Walker, for his part, stuck to his usual campaign speech Tuesday and did not join Scott and Cotton when they took questions from reporters after the event. He continues to deny that he has ever paid for an abortion. When Scott was pressed on whether he’d asked Walker directly about the allegations, the senator avoided the question by noting the candidate’s denials.
The reporting by The Daily Beast complicates Walker’s candidacy in multiple ways. Supporting an absolute national ban on abortions as a candidate, Walker faces questions from at least some skeptical religious conservatives now weighing their preference for Republican rule against the possibility that Walker’s personal life has not matched his public persona.
Yet Walker’s evolving explanations — initially insisting he had no idea who could have claimed he paid for her abortion, only for the woman to identify herself as the mother of one of Walker’s four children —- have undermined his absolute denials and given Democrats a fresh opportunity to press their assertions that he’s “not ready” for the Senate.
That’s an argument Warnock has aimed at the middle of the Georgia electorate, including GOP-leaning voters who helped Biden win Georgia narrowly in November 2020 and then elevated Warnock and fellow Democrat Jon Ossoff to Senate runoff victories two months later.

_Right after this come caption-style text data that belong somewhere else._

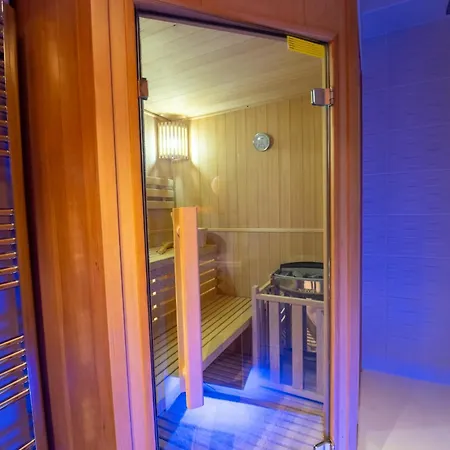 Neva - Luxury With Sauna By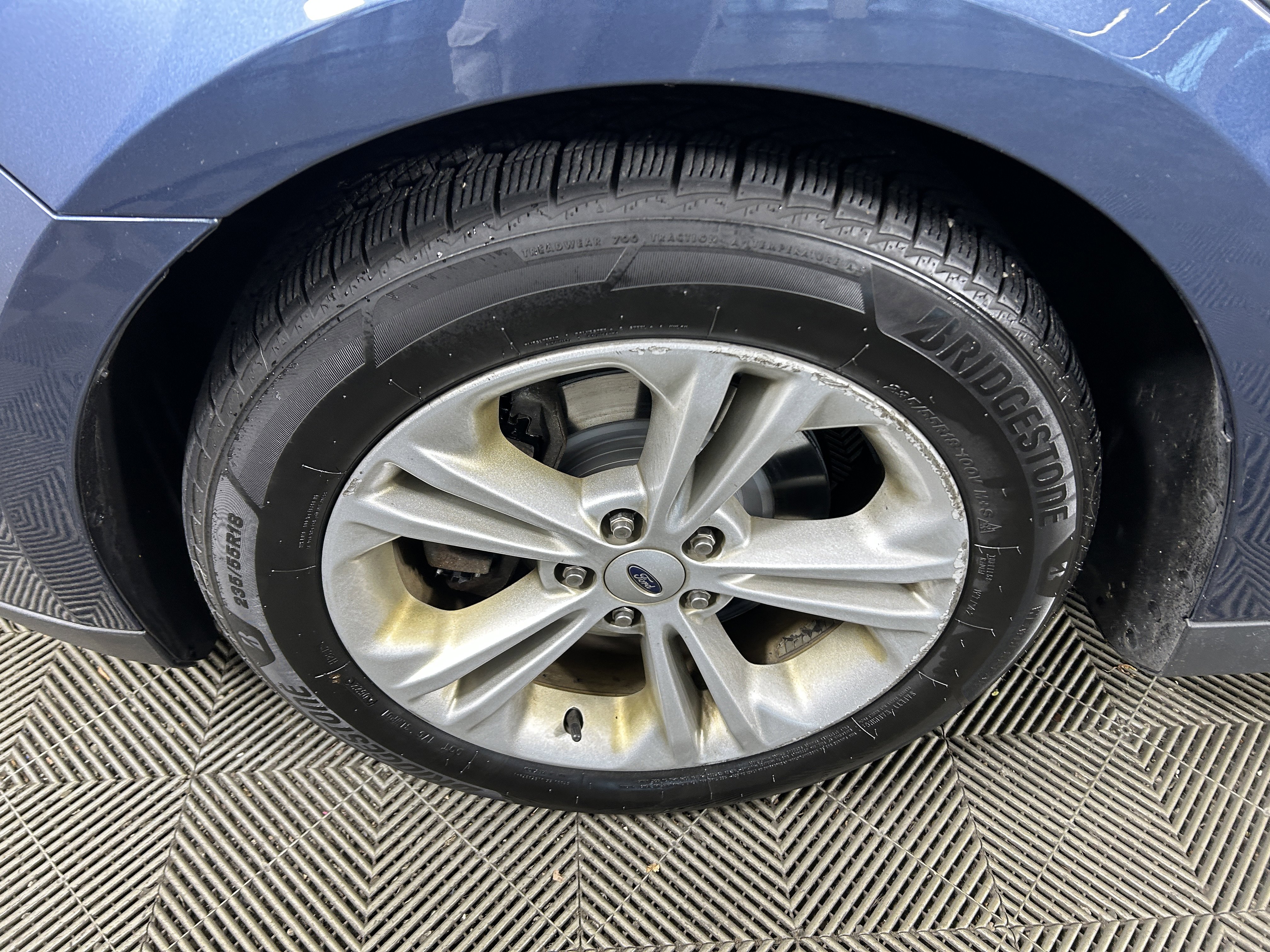 Used 2019 Ford Taurus SEL image 8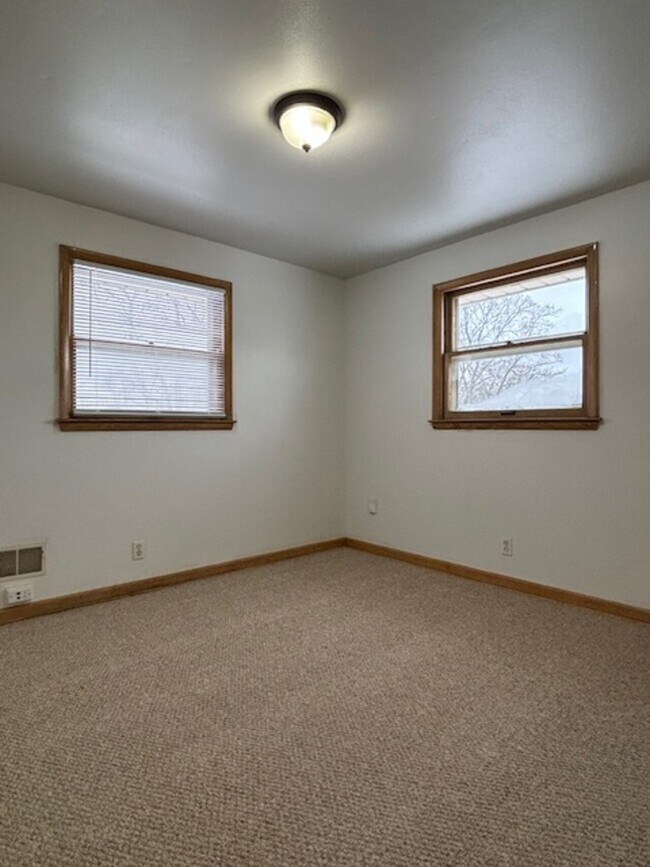 Building Photo - 4456 N 84th St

The Daily Beast reporting includes records, supplied by the woman, that include a $575 receipt for an abortion, a get-well card signed by Walker and a bank deposit showing a $700 personal check from Walker, dated five days after the abortion receipt. The woman, who has not been identified by name, also told The Daily Beast that Walker encouraged the abortion and then encouraged a second abortion that she refused, giving birth to a child she says Walker has met only a few times.

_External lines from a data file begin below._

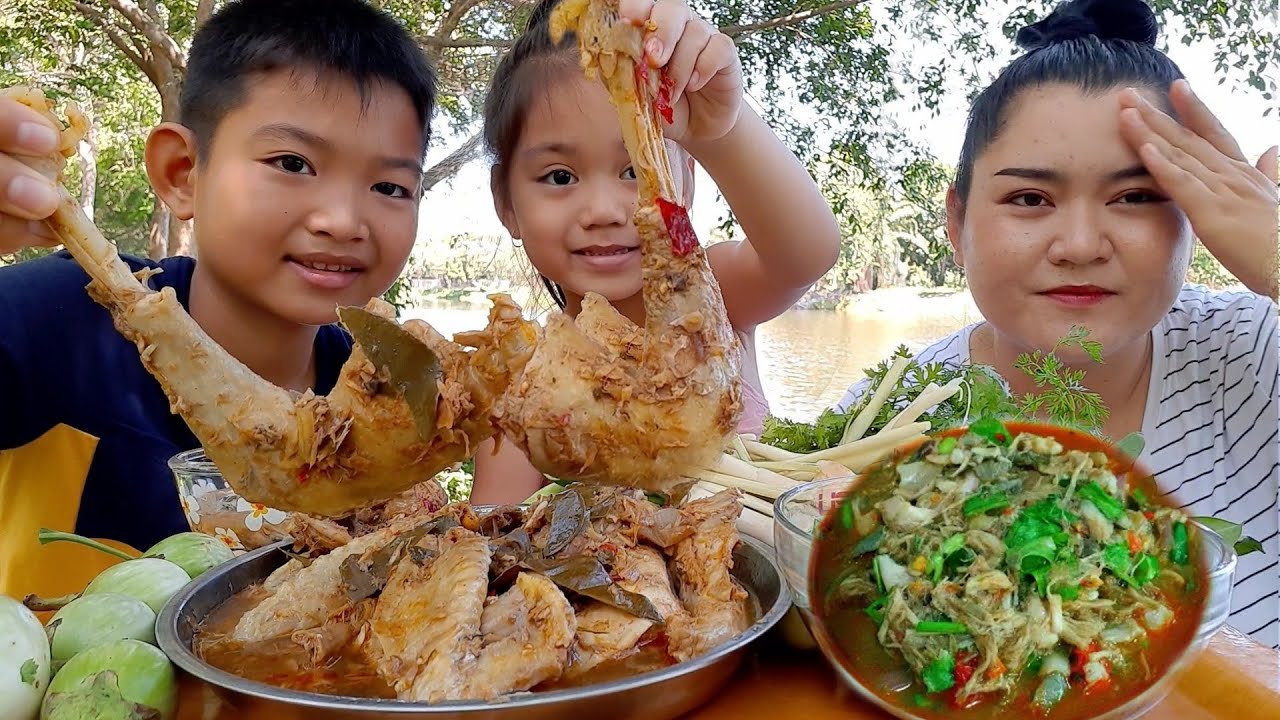 นึ่งไก่บ้าน ป่นกบแซบๆ กินกับยอดข่าอ่อนแซบเข้ากันหลายจ้า 2 มิถุนายน ค.ศ. 2021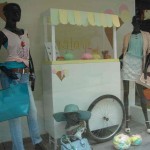 escaparate de verano en UVE moda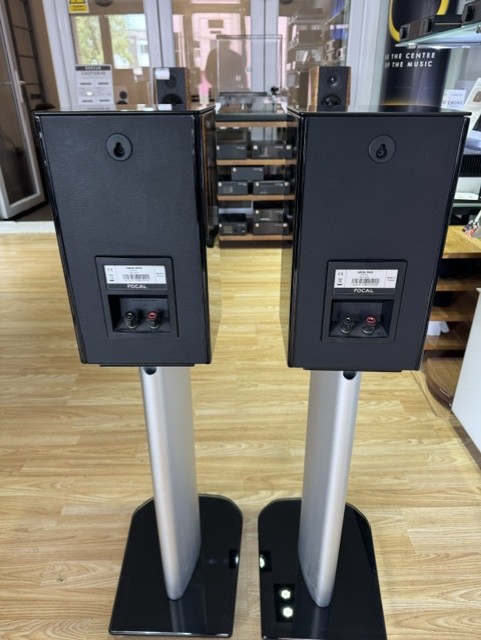 (Pre-owned) Focal Aria 905 Bookshelf Speakers + Aria S900 Stands - Image 4
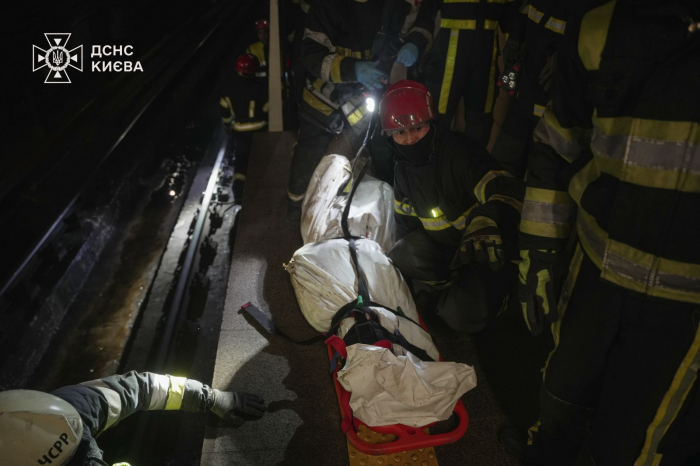 Чрезвычайники выносят тело погибшего. Фото: ГСЧС Киева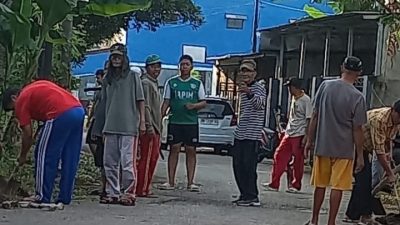 Tindaklanjuti Program Bupati dan Wakil Bupati Gowa, Warga BTN Saumata Indah Gelar Kerja Bakti Bersama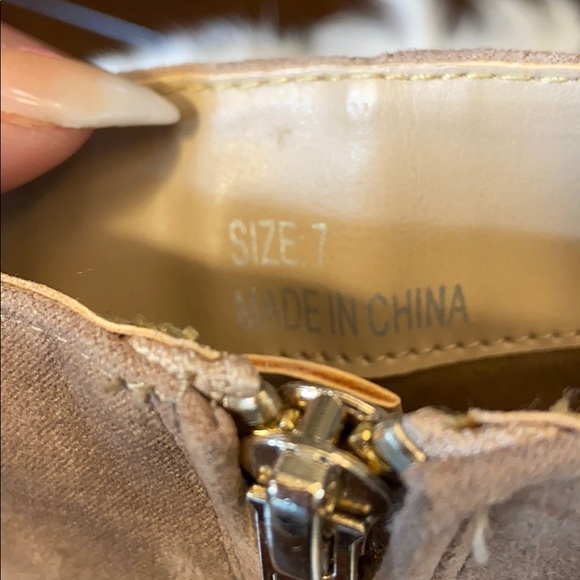 Ankle Boots Wedge. Size 7. Great Used Condition! - Picture 8 of 8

Warnock, who supports abortion rights, has sidestepped the specifics of the allegations against Walker. But the incumbent has wielded the same argument about Walker’s fitness that he used amid earlier disclosures of Walker’s past and when the first-time candidate flubbed some policy discussions. Previous reports have detailed how Walker exaggerated his academic achievements, business success and his philanthropic activities, as well as accusations that he threatened the life of his ex-wife.

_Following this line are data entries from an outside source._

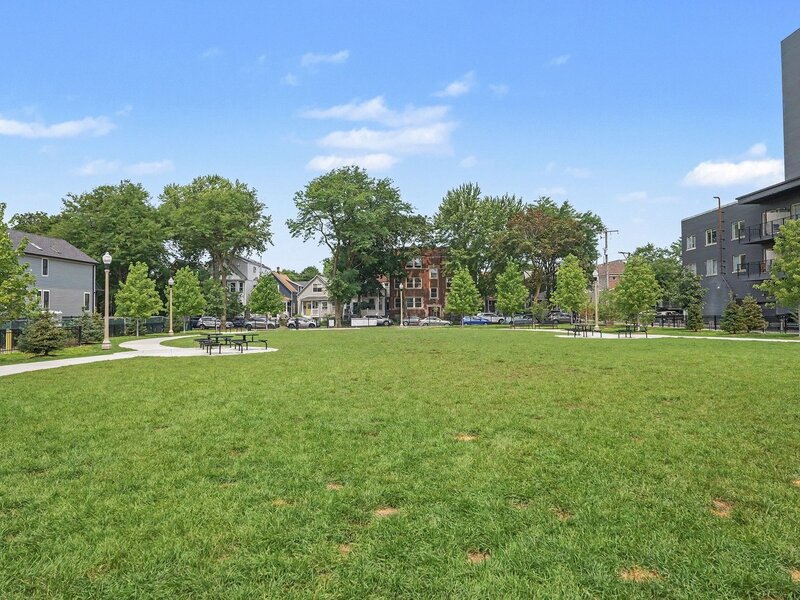 1619 W Hollywood Avenue Chicago IL 60660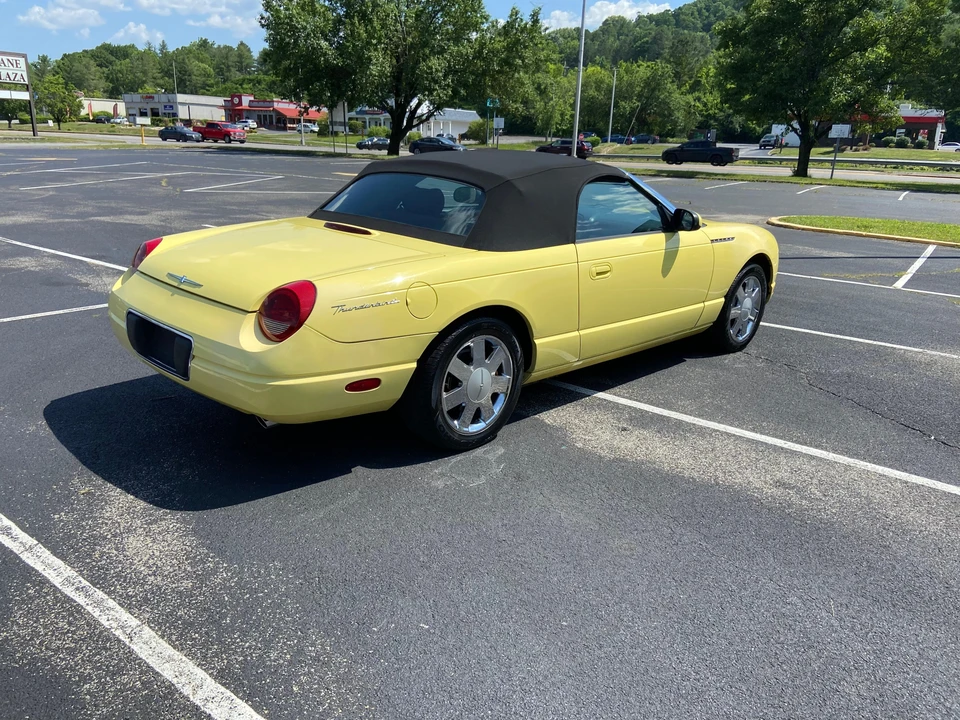 2002 Ford Thunderbird 11th Gen - Image 21 of 31
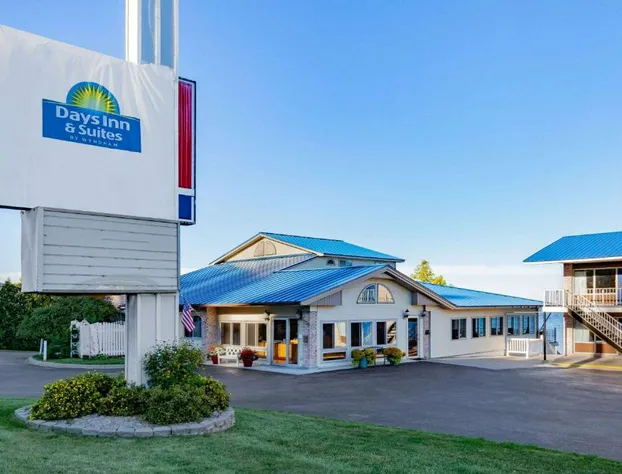 Days Inn & Suites by Wyndham St. Ignace Lakefront hotel detail image 2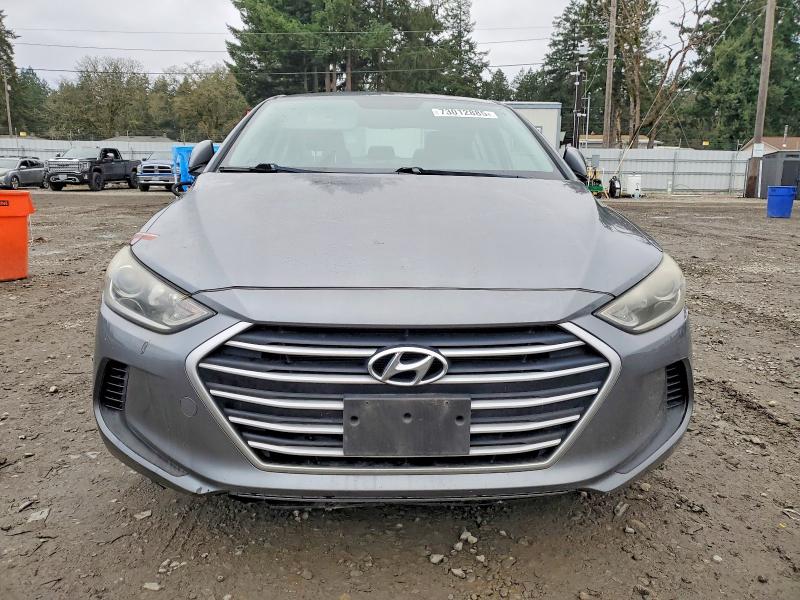 Фото 5 - HYUNDAI ELANTRA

Walker, who had spoken publicly about adult son Christian Walker, was forced to publicly acknowledge having three additional children — including a child of the woman who said he paid for her abortion — after another Daily Beast story earlier in the campaign. He had previously only spoken publicly about Christian, a son from his first marriage.
Certainly, the enthusiastic crowd who gathered Tuesday on the outskirts of metro Atlanta has decided to stick with Walker. But that doesn’t mean there haven’t been questions.
“It was a little rocky at the start,” said Lydia Hallmark, who wore a “Women for Herschel” button. “But I think people understand that people change, and they grow.” Asked whether that means she doubts Walker’s accounts, Hallmark said, “We weren’t there.”
Fellow Republicans she’s talked to, Hallmark continued, “have used the word redemption,” a word Walker has featured in a recent television ad about his struggles with mental health. “I don’t know what happened,” she continued. “But I know that he has asked for forgiveness for other things. And if you’re redeemed for one thing, I guess you are for another.”
Martha Zoller, a popular conservative radio host who supports Walker, said it is nonetheless “getting harder and harder for some (Republicans) to justify” voting for Walker.
Ultimately, she said, the choice for some voters will come down to the same calculation that Scott, Cotton and their Washington colleagues already have made.
“If they see Walker as a guy that’s going to vote against Joe Biden, and he’s going to rebalance the power in the Senate, then they will continue to vote for Herschel Walker,” she said. “If they believe that he has gone too far in his personal life, and they can’t support that, they will either not vote or vote against him.”